Тянулись один за другим к воде призрачные косяки. Летели бесшумно, как тихие материнские песни. Гора казалась матерью, склонившейся над колыбелью ребенка в предрассветной мгле, чтобы дать ему грудь, тяжелую от молока, а потом в полудреме пошептать ему песню об улетающих птицах, о времени, когда спят все и только правоверные встают ради сарести, боясь своего бога. Величественны и спокойны горы. Они никуда не торопятся. Глядя на них, Нариман забывал о тектонике, геологии, климате, почве, географии… Эти горы всегда казались ему живыми, имеющими громадное пурпурное сердце, яркое, как солнце, великодушное и бессмертное. Вон та высокая гора похожа на мать, а остальные на аульных старушек в белоснежных тюрбанах. Они всегда выходят к тебе навстречу, когда ты приезжаешь в аул. Они обнимают тебя, и целуют, и гладят твое лицо дрожащими от любви руками, и ласково говорят:
— Птенчик наш, ты прилетел в родное гнездо, айнайлайын! Да буду я жертвой для тебя! Ты стал настоящим джигитом, светоч наш!
Горы! Мои простодушные и щедрые матери, которые могут быть очень суровыми и вырвать тебя из сердца, если ты отвернешь лицо от народа и предашь родную землю…
Вдоль асфальтовой стремительной дороги бегут, как бы соревнуясь с ней, провода высоковольтной линии, нервы времени. Высокое напряжение. Так должно жить. Соревнуясь. Кого к кому ревнуя? И что к чему? Но бегут они рядом, ревнуя друг друга к человеку, к его заботливым рукам, стараясь быть больше сопричастными к его большим делам… Эка занесло! Нариман усмехнулся. Кружево проводов. Промелькнул старый коршун, который, казалось, и плел эти узоры.
По небу протянулись перистые облака, тонкие, как следы реактивной армады. А еще они похожи на легкую шерсть мериносов, которую чисто вымыли и развесили сушиться.
Горы тянутся с востока на запад, непрерывные и разные, как музыкальные звуки, как могучие аккорды какой-то неземной симфонии, и ущелья служат разбивкой для гигантских фраз, паузой, цезурой… Вершины — взлет, высокие ноты. И впадины — низкие и плавные долины… Ярко-зеленые пятна лесов и кудрявые рощи на склонах. Только мы часто не слышим звучания этого гигантского каменного ожерелья, нанизанного на зеленую нить.
3
Ровно гудящий автобус вдруг чихнул, закашлялся и остановился. Потревоженные пассажиры вытянули к водителю шеи, выглянули в окно, увидели у обочины девушку, которая стояла с поднятой рукой, и снова блаженно откинулись на спинки сидений. Поперек дороги стояла телега, запряженная вороной лошадью. Шофер вскипел и начал было успешно упражняться в родном языке, но тут к его кабине подошел старик и, глядя водителю прямо в глаза, негромко сказал:
— Сынок, возьми с собой дочку. Она опаздывает на работу.
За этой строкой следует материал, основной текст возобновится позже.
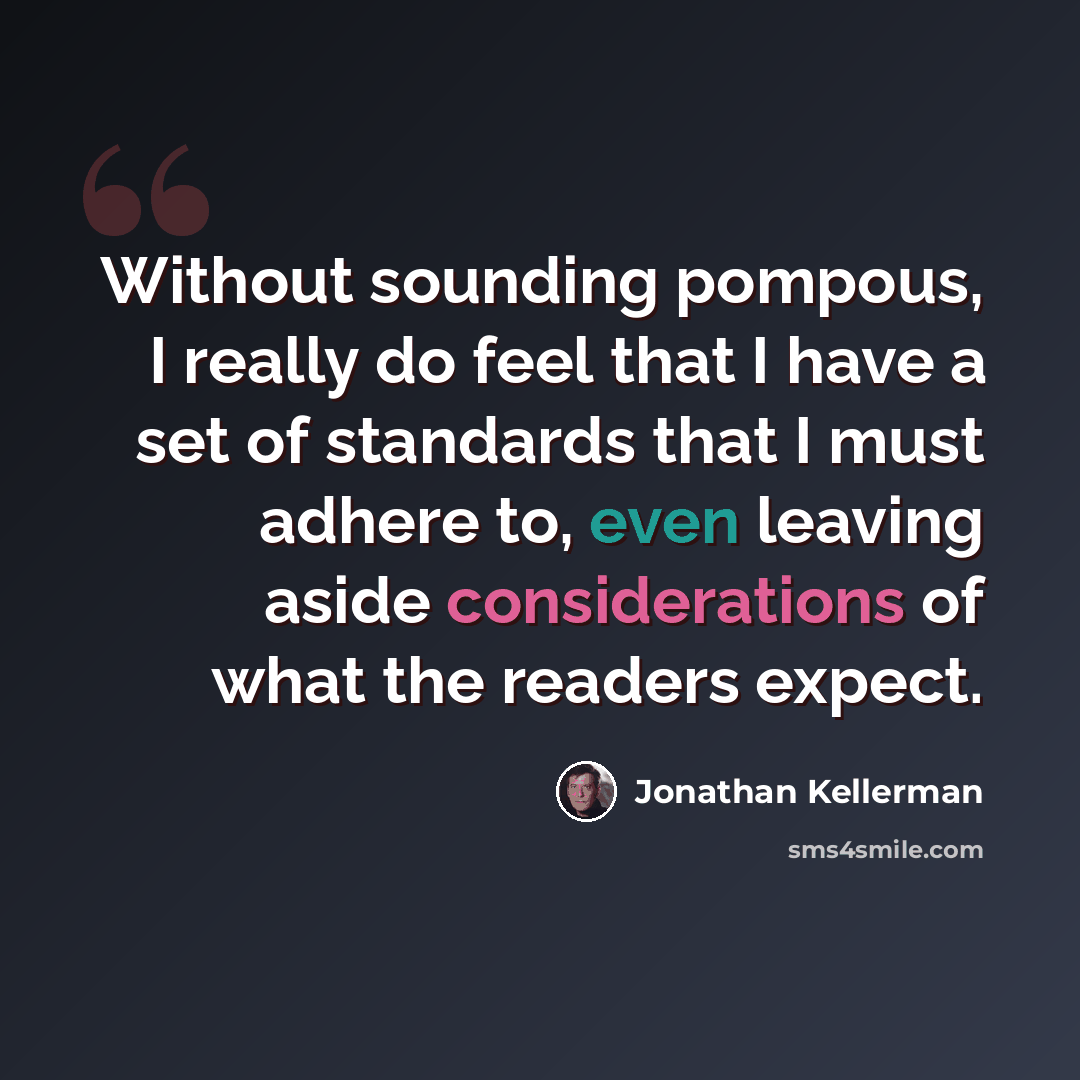 “Without sounding pompous, I really do feel that I have a set of standards that I must adhere to, even leaving aside considerations of what the readers expect.” quote by Jonathan Kellerman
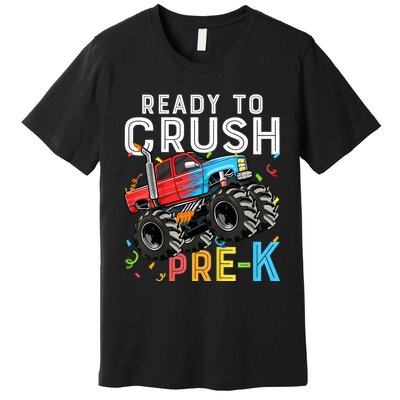 Ready To Crush Prek First Day Of Preschool Monster Truck Premium T-Shirt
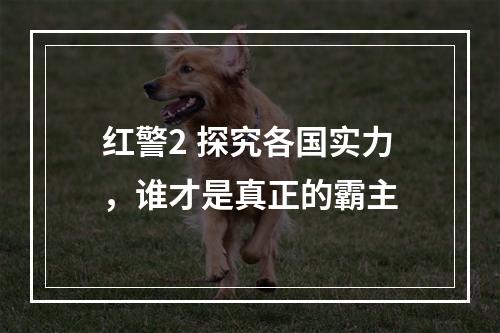 红警2 探究各国实力，谁才是真正的霸主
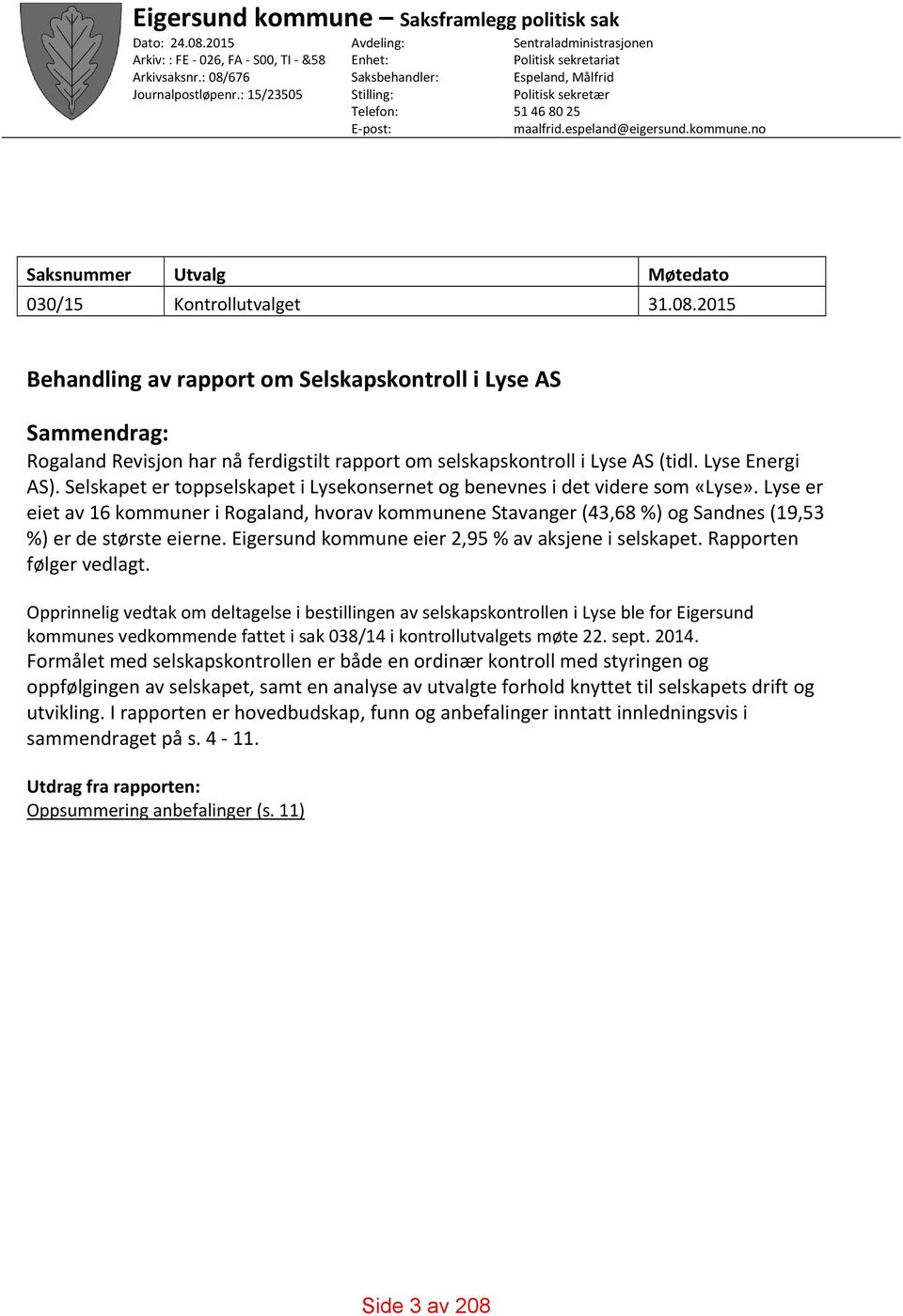 no Saksnummer Utvalg Møtedato 030/15 Kontrollutvalget 31.08.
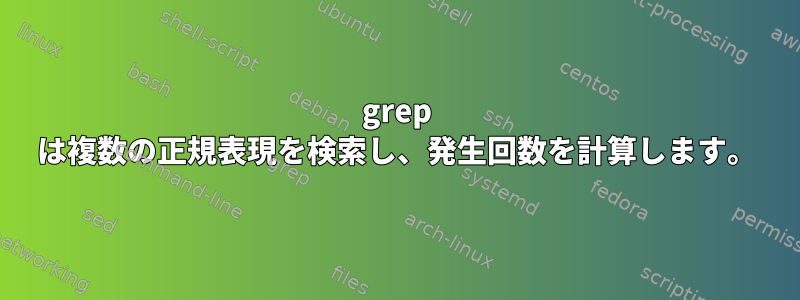 grep は複数の正規表現を検索し、発生回数を計算します。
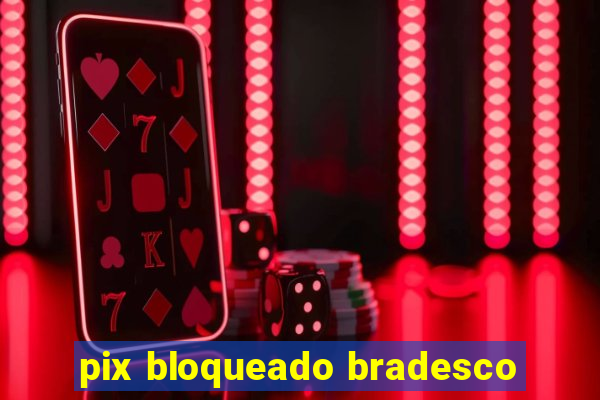 pix bloqueado bradesco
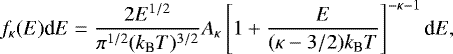 \begin{equation*} f_{\kappa}(E)\textrm{d}E=\frac{2E^{1/2}}{\pi^{1/2}(k_{\textrm{B}}T)^{3/2}} \displaystyle A_{\kappa} \left[ 1&#x002B;\frac{E}{(\kappa-3/2)k_{\textrm{B}}T}\right]^{-\kappa-1}\textrm{d}E, \end{equation*}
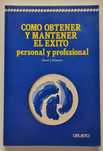 Como Obtener Y Mantener El Exito personal y profesional-David Schwartz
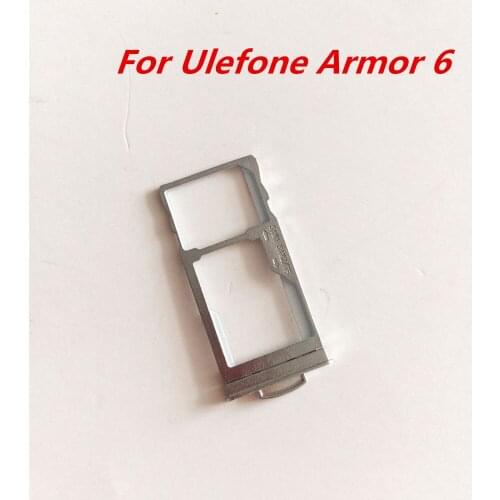 For Ulefone Armor 6 New Original SIM Card Slot Card TF Tray Holder Adapter Replacement For Ulefone Armor 6 6.2inch Cell phone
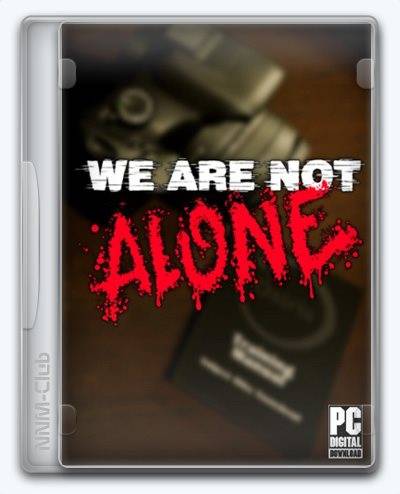 We Are Not Alone RePack (RUS) со всеми DLC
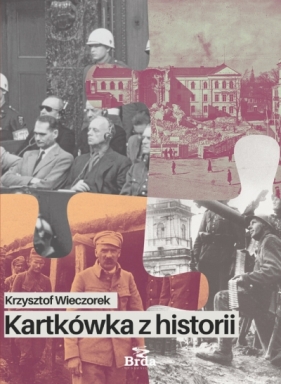 Kartkówka z historii - Krzysztof Wieczorek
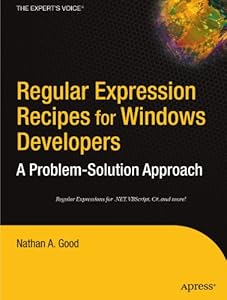 Regular Expression Recipes for Windows Developers: A Problem-Solution Approach-finelybook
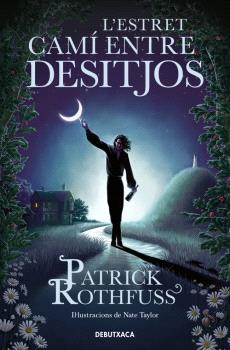 ESTRET CAMÍ ENTRE DESITJOS, L'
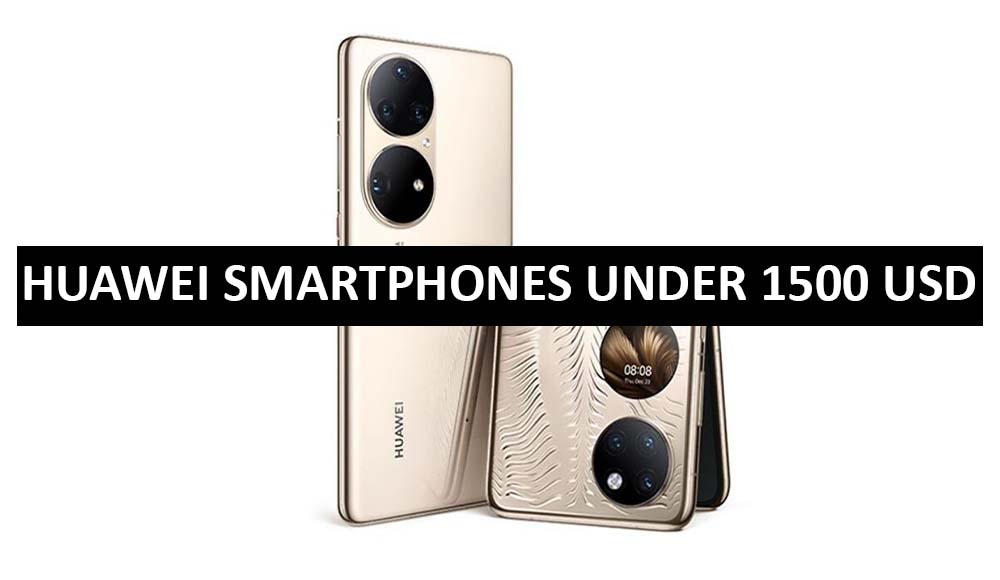Best Huawei Smartphones Under $1500 in USA (2022)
Шофер провел ладонью по лицу, снимая раздражение, и молча открыл передние двери. В салон поднялась светлолицая юная девушка с опущенными ресницами. Старик взял кобылу под уздцы, свел ее с дороги и провел рукой по бороде, благословляя едущих в добрый путь. Девушка помахала ему в окно рукой. Хотела что-то крикнуть, но опомнилась и промолчала. Автобус рванулся вперед, и скоро старика с телегой не стало видно. Вдруг щеки девушки побледнели, губы задрожали, и глаза стали влажными и блестящими от слез.
Нариман с легкой досадой посмотрел на нее. «Только сел — и вставай», — подумал он и тут же поднялся.
— Садитесь, сестренка!
Девушка резко обернулась и посмотрела ему в лицо.
— Что вы, спасибо! Я не сяду. Не беспокойтесь, пожалуйста.
— А вы попробуйте сесть, — улыбнулся Нариман.
— Не стоит. Я постою.
«В командировку едет. Или же на работу устраиваться, — подумала она. — Но не похоже, чтобы только вчера окончил институт».
Нариман продолжал стоять рядом. Ему неловко было садиться, да и ей после отказа неудобно занимать его место. Так и стояли рядом, стесняясь и досадуя.
— Садитесь, пожалуйста, я постою. У меня ноги затекли, — сказал Нариман.
Толстуха внимательно посмотрела на них, подивилась их щепетильности и неуклюжим отговоркам мужчины. Потом вдруг задвигалась и горячо проговорила:
— Садись, дочка! Парень готов ковром тебе под ноги лечь, а ты упираешься!